Hawaii, with its benign climate, all-star tourism marketing team and exotic fruits seems like a picture-perfect paradise convincing even the most cautious of individuals that life's every dream will come to fruition with a change of zip code. Contrary to this, however, it is currently poised for a perfect storm with a shortage of housing and access to employment and limited sustainable food sources. Many come to the island in search of a dream but the high cost of living combined with the precarious job market means that many are unable to afford the roof over their head. In October 2015, Hawaii's Governor David Ige declared a state of emergency to deal with the state's homelessness crisis days after Honolulu and state officials cleared one of the nation's largest homeless encampments on Oahu.
There are two main categories of homelessness: chronic and transitional. Currently, the rates of chronically homeless is estimated to be around 14% of the total. This group takes up around half of the financial resources and are often the most visible. At 465 people per 100,000 citizens, Hawaii has the highest rate of homelessness per capita of any of the 50 states, or around 8,000 individuals. The problem is growing, with a 23 % increase in the unsheltered homeless population from 2014 to 2015 and a 46 % increase in the number of unsheltered families. according to Scott Morishige, the state's homelessness coordinator. The state recently launched a programme through IHS (Institute for Human Services) which allows individuals to return to their families by getting half the airfare paid while also launching a public relations campaign discouraging homeless people from moving to Hawaii.

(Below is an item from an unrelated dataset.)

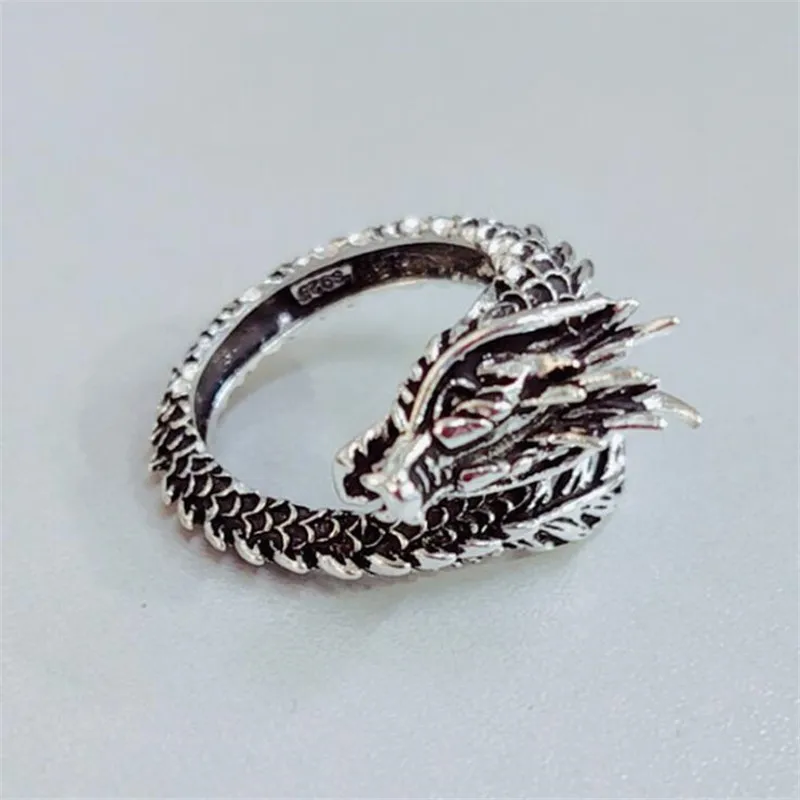 New Retro Thai Silver Jewelry Domineering Dragon 925 Sterling Silver Personality Zodiac Creative Popular Opening Rings  R239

Hawaii tops lists for most popular holiday destinations in the US year after year and tourism is an essential part of the local economy. Yet for local authorities the challenge is how to manage the inflow of people who have chosen the islands as their adopted home and then find that life

in a tropical paradise can be just as challenging as in the places they have left behind. "Lucky to live Maui" is a slogan much bandied about by the tourism authorities and the mayor's office but many are feeling the pinch, with house prices rising inexorably and social and health services struggling to cope with those who have slipped through the net.



The homeless population suffers from the same problems as homeless people everywhere - alcohol and drug addiction and mental and other health problems. Social and health services in the state are woefully under-resourced to deal with all these issues. The homeless come from various regions and backgrounds - local Hawaiians, other Polynesians, people from mainland USA and war veterans - and they're all competing for limited resources and rudimentary services. They sleep on tourist beaches, in their cars or in makeshift shelters and caves along the coastline. Though the climate is benign, the high temperatures, tropical rains and insects make sleeping outdoors anything but comfortable.



As local agencies are increasingly overwhelmed with the level of need in housing and social services, other

organisations have come in to pick up the slack. One of the most vocal, the Ho'omoana Foundation, has been helping individuals in need, calling for permanent camp sites for homeless people. Lisa Darcy of Ho'omoana has also called on Maui County to show "understanding that these individuals need to move up and out of the safety nets" and has campaigned for local authorities to "promote transparency amongst its agencies and departments and shed the outdated attitude that this job can be completed from 8am to 4pm Monday through Friday and not on holidays."



GoHawaii.com, the official state tourism website enthusiastically proclaims that "The People of Hawaii would like to share their island with you." As much as Hawaii has traditionally been a welcoming place and has hosted millions of tourists who come for the weather, the beaches and the stunning natural environment, the current homeless crisis threatens to overwhelm local services and turn the tropical paradise into a divided and acrimonious place of wealth and holidays on one side and homelessness and poverty on the other.